# EDA - October

### Work Related:

"In the last case (after deduplication), there are 67,024 rows and 1 column in the first 
dataset (2021-10-21 and 2021-10-28). The second dataset (2021-10-28 and 2021-11-04) has 262,561 rows and 1 column."

First one covers one week before 28/10, while the other one cover 28/10 inclusive one week ahead.

Total: 329.585

Agrah, O. Aydin, O. Tweet Classification and Sentiment Analysis on 
Metaverse Related Messages (2021). Journal of Metaverse, 2021. v. 1, p. 25-30.

In [None]:
import pandas as pd
import glob

In [None]:
cols=[
    'datetime',
    'tweet_id',
    'text',
    'language',
    'like_count',
    'rt_count',
    'reply_to',
    'retweeted',
    'user_id',
    'username',
    'user_followers',
    'user_fav_count',
    'is_verified',
    'created_at'
]

In [None]:
# df = pd.DataFrame(columns=cols)
# frame = pd.DataFrame(columns=cols)

In [None]:
path = r"\twitter-EDA\tweets_data_for_EDA"
all_files = glob.glob(os.path.join(path , "*.csv"))

li = []

for filename in all_files:
    df = pd.read_csv(filename, names=cols, on_bad_lines='skip')
    li.append(df)

frame = pd.concat(li)

In [None]:
df = frame

In [None]:
df.info()

##### Preprocessing

In [None]:
# Check number of duplicates by id and text
id_duplicates = df.drop(labels=["tweet_id"], axis=1).duplicated().sum()
text_duplicates = df.drop(labels=["text"], axis=1).duplicated().sum()

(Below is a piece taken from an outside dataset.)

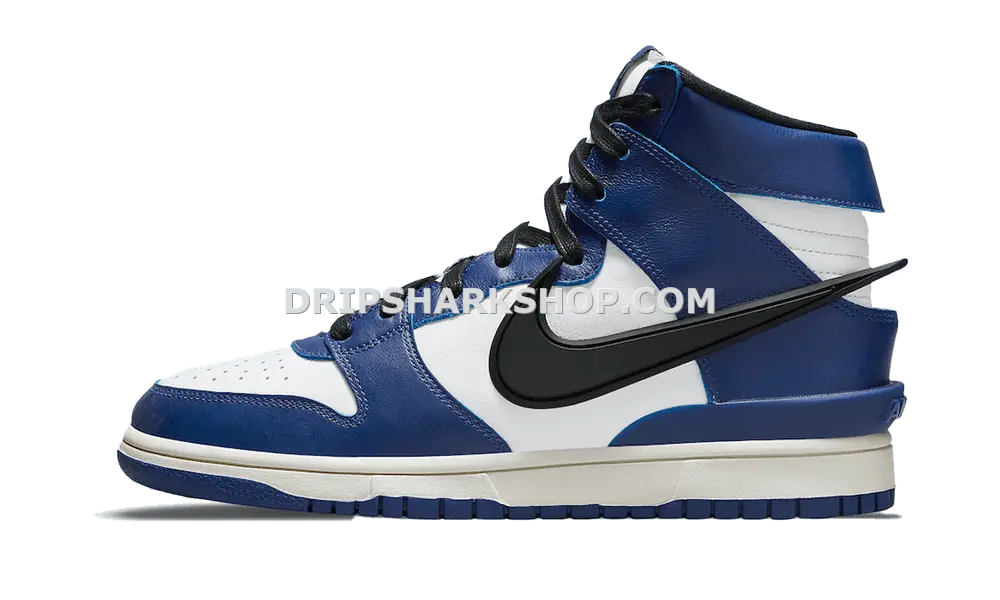 DUNK HIGH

print(f"You seem to have {id_duplicates} duplicates tweet_id in your database.\n \
You seem to have {text_duplicates} duplicates text in your database.")

In [None]:
# Drop all duplicated rows
df.drop_duplicates("tweet_id", inplace=True)
df.drop_duplicates("text", inplace=True)
df.shape

In [None]:
# ordering data
df['datetime'] = pd.to_datetime(df['datetime'])
df = df.sort_values(by="datetime")
df.head()

In [None]:
df[['datetime','text']].head()

In [None]:
# transform text in unicode escape to unicode
df['text'] = df.apply(lambda row: eval(row['text']).decode('utf-8'), axis=1)
df[['datetime','text']].head()

In [None]:
df = df[['datetime', 'tweet_id', 'text',
       'language', 'like_count', 'rt_count', 'reply_to', 'retweeted',
       'user_id', 'username', 'user_followers', 'user_fav_count',
       'is_verified', 'created_at']]

In [None]:
df.head()

In [None]:
df.columns

In [None]:
pd.value_counts(df.dtypes)

### Structure of non-numerical features

In [None]:
df.describe(exclude="number", datetime_is_numeric=True)

In [None]:
# How much of these data is in english lang
df[df['language'] == 'en'].count()

### Structure of numerical features

In [None]:
unique_values = df.select_dtypes(include="number").nunique().sort_values()

unique_values.plot.bar(logy=True, figsize=(15, 4), title="Unique values per feature");

### Missing values

In [None]:
import matplotlib.pyplot as plt
plt.figure(figsize=(15, 10))
plt.imshow(df.isna(), aspect="auto", interpolation="nearest", cmap="gray")
plt.xlabel("Column Number")
plt.ylabel("Sample Number")
plt.plot(color='#1d405d')
plt.savefig("figure.eps")
plt.show()

# kind='barh', 
# figsize=(5,5), 
# xlabel='Language', 
# ylabel='Number of tweets',
# edgecolor='#333F4B',
# linewidth=0.8,
# color='#1d405d'

Por que foram usados essas ferramentas

In [None]:
import missingno as msno

msno.matrix(df, labels=True, sort="descending");

### Missing values per feature

In [None]:
#identify the ratio of missing values per feature.
df.isna().mean().sort_values().plot(
    kind="bar", figsize=(10, 5),
    title="Percentage of missing values per feature",
    ylabel="Ratio of missing values per feature",
    edgecolor='#333F4B',
    linewidth=0.8,
    color='#1d405d');

In [None]:
df.plot(x='like_count', y='user_followers', kind='scatter', figsize=(25,10));

In [None]:
df['tweet_id'].groupby(df['datetime'].dt.to_period('D')).count().plot(kind='bar', figsize=(25,10));

### Features Analysis

In [None]:
df['tweet_id'].groupby(df['language']).count().plot(kind='bar', figsize=(15,10));

In [None]:
df

### First Phase Agrah-Aydin (67.024)

In [None]:
df[(df['datetime'] >= '2021-10-21 00:00:00') & (df['datetime'] < '2021-10-28 00:00:00') & (df['language'] == 'en')].count()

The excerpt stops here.